LibPDF: Don't accidentally form new tokens on pages with contents arrays

A page's /Contents can be an array of streams, and the page's contents are then as if those streams are concatenated. Most of the time, a stream ends with whitespace. But in some cases (e.g. 0000642.pdf from 0000.zip from the pdfa dataset), the first stream ends with an operator (`Q`) and the next stream starts with one (`q`), and the concatenation would form a new, unkonwn operator (`Qq`). Separate the streams' contents with a space to prevent that.

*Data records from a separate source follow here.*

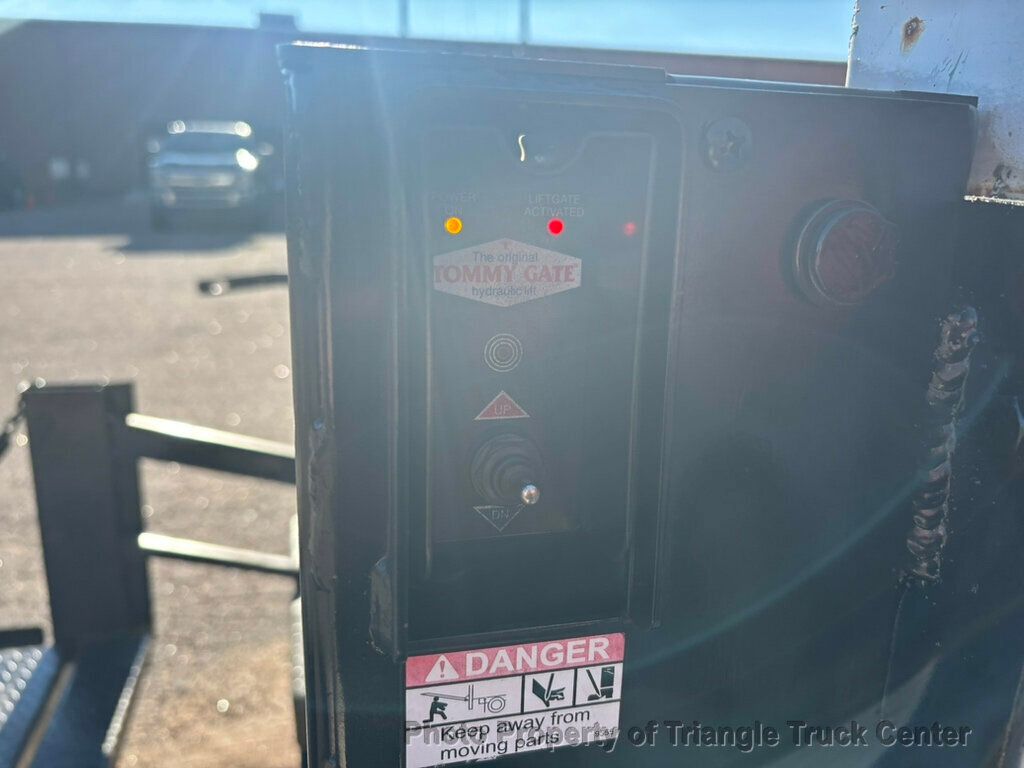 2015 Ford F250HD CREW UTILITY LIFT GATE JUST 53k MILES +FINANCE OR LEASE! - 22925994 - 32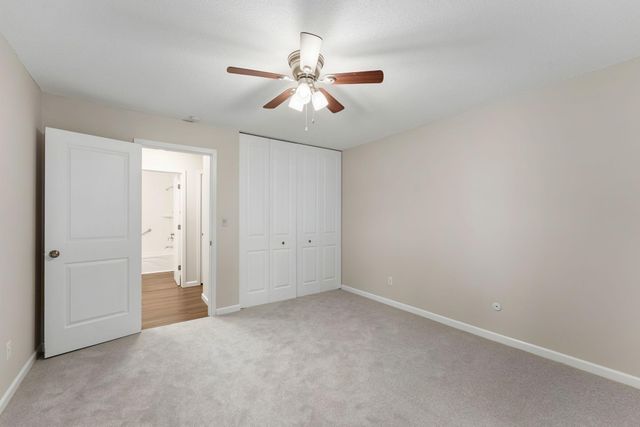 2800 Hamline Avenue N 216, Roseville, MN 55113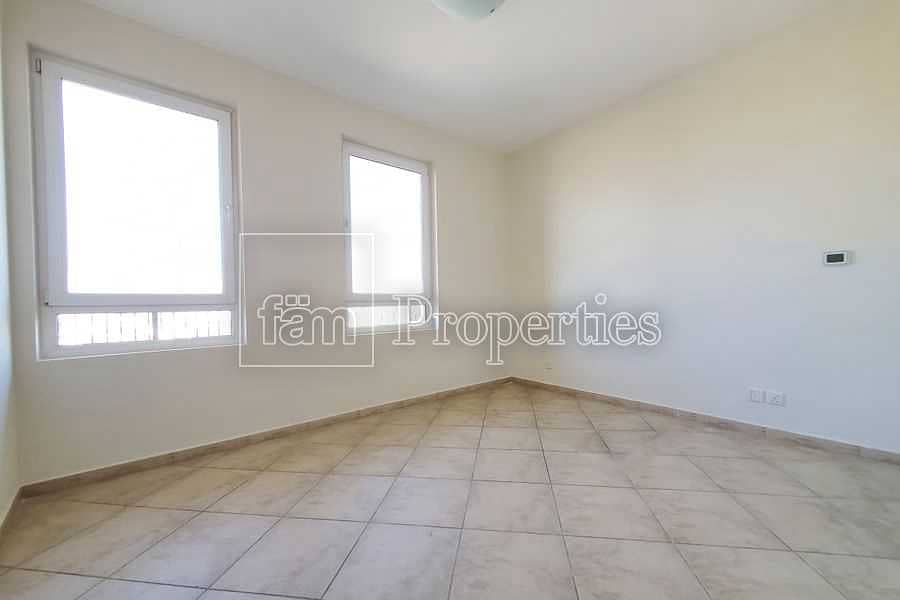 12 Bright Sun facing Ensuit 2BR Apt Ready to Move In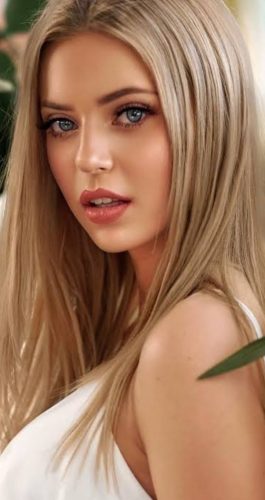 Eşsiz Güzelliği ve Servisi ile Mersin Escort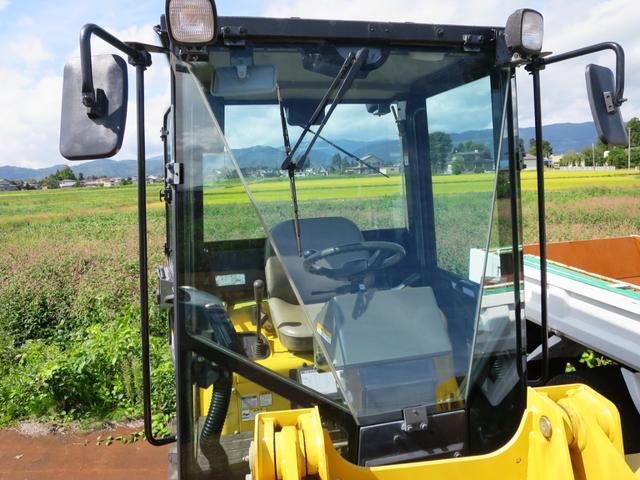 日本 ヤンマー ミニホイールローダー V3-6 H27年式(12枚目)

Reduces numbers of PDF files we fail to open in the -n 500 case from 11 to 10 (in either case, we then crash on 18 of the PDFs that we do manage to open).
Author: https://github.com/nico Commit: https://github.com/SerenityOS/serenity/commit/3fe9f8e48d Pull-request: https://github.com/SerenityOS/serenity/pull/21561
2024-12-04 05:20:30 +00:00 · 2023-10-23 09:28:41 -07:00 · 2023-10-23 09:28:41 -07:00 · 3fe9f8e48d · 2024-07-17 06:00:02 +09:00
commit 3fe9f8e48d
parent f885839ba5
1 changed files with 7 additions and 2 deletions
--- a/Userland/Libraries/LibPDF/Page.cpp
+++ b/Userland/Libraries/LibPDF/Page.cpp
@ -19,13 +19,18 @@ PDFErrorOr<ByteBuffer> Page::page_contents(Document& document) const

    // "The value may be either a single stream or an array of streams. If the value
    //  is an array, the effect is as if all the streams in the array were concatenated,
-    //  in order, to form a single stream."
+    //  in order, to form a single stream. The division between streams may occur only at
+    //  the boundaries between lexical tokens"
    if (contents->is<StreamObject>())
        return TRY(ByteBuffer::copy(contents->cast<StreamObject>()->bytes()));

+    // If one stream ends with (say) a `Q` and the next starts with `q`, that should be
+    // two distinct tokens. Insert spaces between stream contents to ensure that.
    ByteBuffer byte_buffer;
-    for (auto& ref : *contents->cast<ArrayObject>())
+    for (auto& ref : *contents->cast<ArrayObject>()) {
        TRY(byte_buffer.try_append(TRY(document.resolve_to<StreamObject>(ref))->bytes()));
+        TRY(byte_buffer.try_append(' '));
+    }
    return byte_buffer;
 }